There is a wall of money waiting for the right sort of MSP with the right understanding of the market, say one serial M&A entrepreneur.

Talking at the Managed Services Summit North on October 30 2019, Peter Sweetbaum, CEO of IT Lab talked about how the MSP can grow, how it can make itself attractive to buyers and what growth means.

“There is a huge amount that this industry will continue to do for customers. Of course, we have to evolve and change and scale does mean lot in this market - then there is innovation in terms of how you serve, what you serve and how you engage with customers; the systems and tools you use.”

It is a tougher world and everything needs to be right. “IT Lab is £75m in turnover and 750 people – we have gone through a growth spurt in the last five years.”

“What we are seeing in the market, in M&A and what is in the mindset of buyers and private equity is interesting. Do not underestimate the appetite that private equity funds have for this space.”
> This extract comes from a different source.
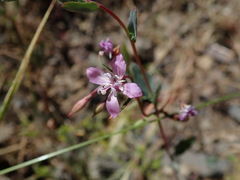 Clarkia modesta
Both buyers’ and sellers’ perspectives are useful to know – for anyone.

And value depends on how valuable you are to the customer.

“For our larger customers, we will typically have five core service lines into them. And this makes it hard to dislodge us, so it is important to have that breadth of capability.”

“And size matters – usually measured in EBITDA But as you do that you increase your value, and edge into that place where it is relatively common, but because of the scale – £500,000 EBITDA is attractive and as an objective this is a start point, then there are different thresholds – as you get to £1m-3 m EBITDA and there is not a lot of them. When you get to £5m of value you are fundable and private equity can get involved. When you hit ten million, you have hit a trigger because you are at a scale when you get traction. “

“The more bleeding edge you get, however, the valuation can vary greatly. It depends on what you do and how progressive you are.”

“The fundamentals still apply – do you have customers, do you have cashflow, do you have profits?”